Sur l’intervention de l’union syndicale Solidaires 16
L’union syndicale Solidaires 16, qui fonde sa demande en dommages intérêts sur l’exécution déloyale du contrat de travail par la société French Desserts tenant aux faits de harcèlement moral, non établis en l’espèce pour les raisons susmentionnées, doit en être déboutée.
Sur les dépens et les frais non répétibles
La sas French Desserts, qui succombe, doit supporter les dépens de première instance, le jugement déféré étant confirmé de ce chef , et les dépens d’appel, au paiement desquels
elle sera condamnée en même temps qu’elle sera déboutée de la demande qu’elle a formée au titre de ses frais non répétibles.

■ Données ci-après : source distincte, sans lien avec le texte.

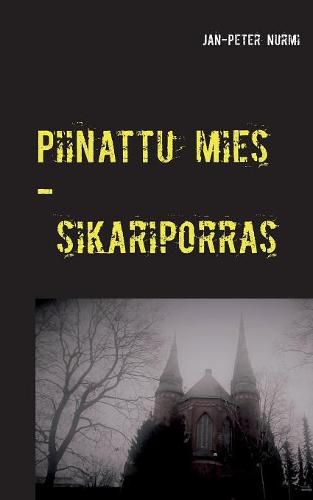 Cover image for Piinattu mies: Sikariporras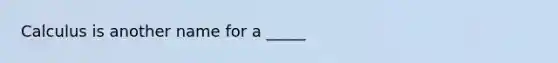 Calculus is another name for a _____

Il n’est pas contraire à l’équité de laisser aux intimés la charge de leurs frais non répétibles exposés devant la Cour, de sorte qu’ils seront déboutés des demandes formées à ce titre.
PAR CES MOTIFS
La Cour,
INFIRME la décision déférée dans ses dispositions qui déboutent M. [R] de sa demande en annulation de la mise à pied à titre disciplinaire, qui jugent le licenciement de M. [R] dépourvu de cause réelle et sérieuse et condamnent en conséquence la sas French Desserts au paiement de dommages intérêts et des indemnités de rupture et au remboursement aux organismes intéressés des indemnités de chômage versées à M. [R] dans la limite de six mois, qui déboutent l’union syndicale Solidaires 16 de sa demande en intervention volontaire
CONFIRME la décision déférée pour le surplus
Statuant de nouveau des chefs infirmés,
ANNULE la mise à pied disciplinaire notifiée le 3 août 2018; en conséquence CONDAMNE la sas French Desserts à payer à M.[R] 223,50 euros à titre de rappel de salaires, outre 22,35 euros pour les congés payés y afférents
JUGE le licenciement de M. [R] fondé sur une faute grave; en conséquence DEBOUTE M. [R] de ses demandes en dommages intérêts pour licenciement nul et de ses demandes tenant à l’indemnité compensatrice de préavis et à l’indemnité de licenciement
DEBOUTE M. [R] de sa demande en dommages intérêts pour harcélement moral, agissements déloyaux et procédure vexatoire
JUGE recevable l’intervention volontaire de l’union syndicale Solidaires 16
DEBOUTE l’union syndicale Solidaires 16 de sa demande en dommages intérêts
CONDAMNE la sas French Desserts aux dépens d’appel; en conséquence la DEBOUTE de la demande qu’elle a formée au titre de ses frais non répétibles
DEBOUTE M. [R] et l’union syndicale Solidaires 16 de leurs demandes au titre de l’article 700 du code de procédure civile.
Signé par Marie-Paule Menu, présidente et par Evelyne Gombaud, greffière, à laquelle la minute de la décision a été remise par le magistrat signataire.